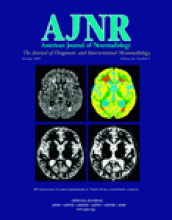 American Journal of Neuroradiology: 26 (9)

* * *

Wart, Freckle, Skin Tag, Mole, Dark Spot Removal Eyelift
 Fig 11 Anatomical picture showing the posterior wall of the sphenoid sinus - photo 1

* * *

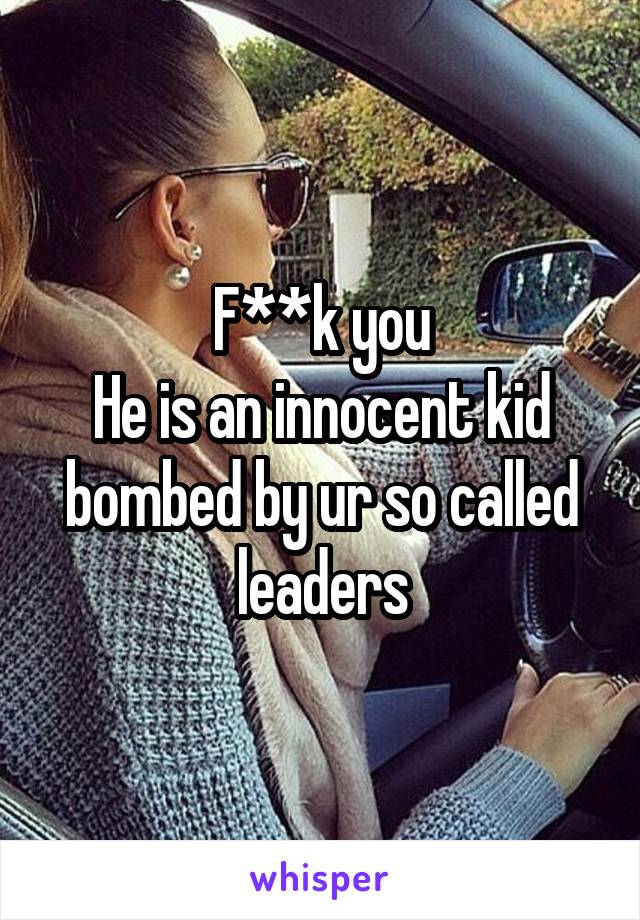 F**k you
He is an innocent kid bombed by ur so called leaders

» **What you will do**
Scan the lines above for "Wart, Freckle, Skin" and for "Fig 11 Anatomical". Repeat exactly the line holding each of them and every line in between.

» **Result of this exercise**
Wart, Freckle, Skin Tag, Mole, Dark Spot Removal Eyelift
 Fig 11 Anatomical picture showing the posterior wall of the sphenoid sinus - photo 1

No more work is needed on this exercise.